One thing you can do is instead of trying to assign the delegates directly in your second destructor, you can instead assign a dispatcher method that will resolve this at runtime.

Your constructor could be changed to

public MyClass(int workType)
{
    if (workType == 1) _doWork = Method1Dispatcher;
    else if (workType == 2) _doWork = Method2Dispatcher;
    else throw new Exception();
}

where you have dispatcher methods such as

public U Method1Dispatcher(T value)
{
    return value switch
    {
        uint x => (U)(object)Workers.Method1(x),
        ulong x => (U)(object)Workers.Method1(x),
        _ => throw new NotSupportedException()
    };
}

public U Method2Dispatcher(T value)
{
    return value switch
    {
        uint x => (U)(object)Workers.Method2(x),
        ulong x => (U)(object)Workers.Method2(x),
        _ => throw new NotSupportedException()
    };
}

These methods use a double cast to get around the compile-time checks that prevent you from "equating", for instance, a uint and a T. Casting to object removes that constraint, and casts to another type, at runtime, could either succeed or fail. That's not typesafe, but if implemented carefully like the above, you at least encapsulate known (to us not the compiler) safe casts.
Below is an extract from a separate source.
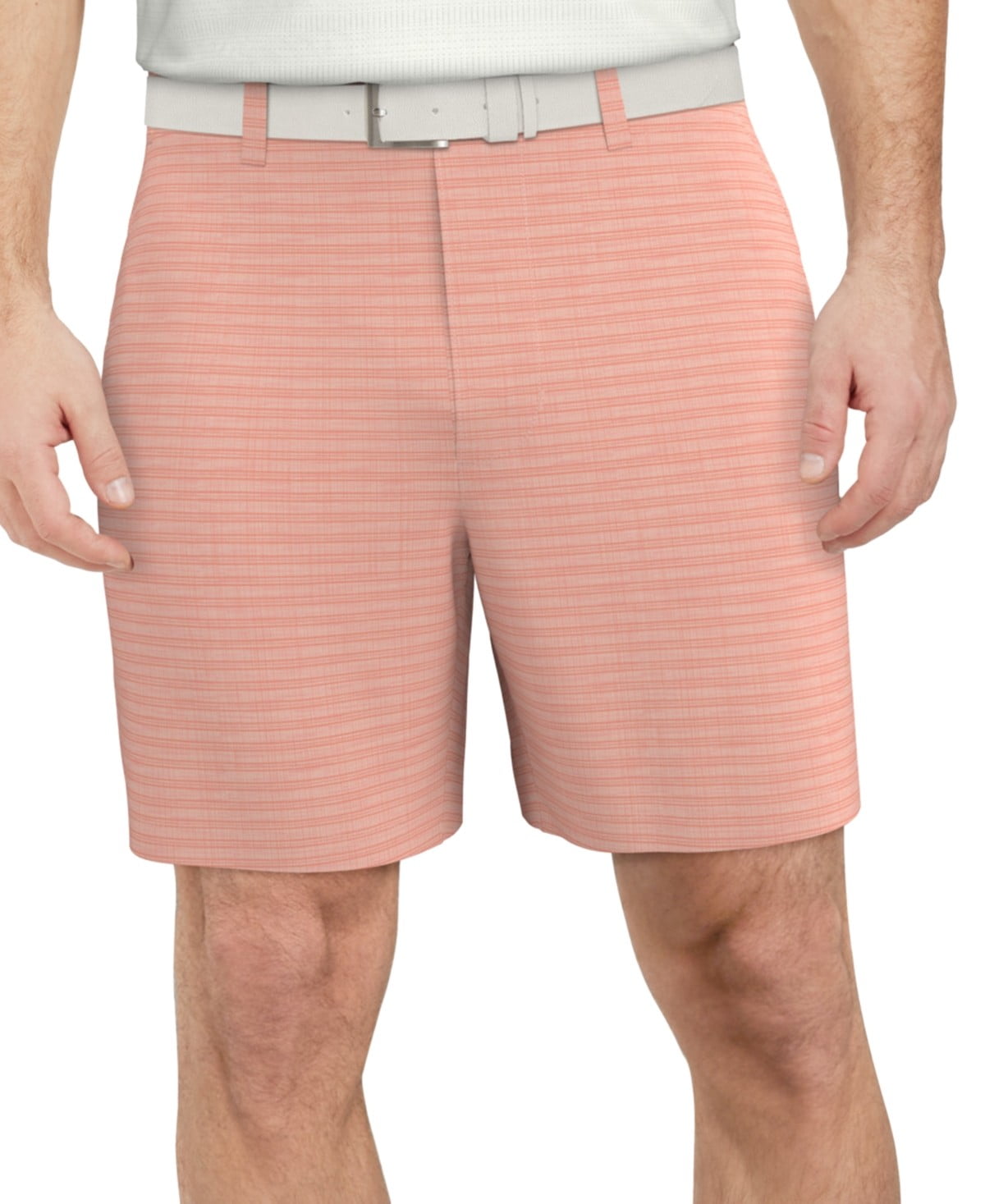 Pga Tour Mens Regular fit Golf Shorts 44 Pink Plaid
To test that this works, you can modify your Main method to prove it

var mc5 = new MyClass<uint, ushort>(1);
var mc5Result = mc5.DoWork(5);
Console.WriteLine($"Got result {mc5Result} of type {mc5Result.GetType().Name}");
var mc6 = new MyClass<ulong, uint>(1);
var mc6Result = mc6.DoWork(6);
Console.WriteLine($"Got result {mc6Result} of type {mc6Result.GetType().Name}");
var mc7 = new MyClass<uint, ushort>(2);
var mc7Result = mc7.DoWork(7);
Console.WriteLine($"Got result {mc7Result} of type {mc7Result.GetType().Name}");
var mc8 = new MyClass<ulong, uint>(2);
var mc8Result = mc8.DoWork(8);
Console.WriteLine($"Got result {mc6Result} of type {mc8Result.GetType().Name}");

Now, while this works, it's probably not the best solution because you say there are hundreds of combinations. Perhaps you can replace the switch with a reflection based way of obtaining the correct method, and then invoking it.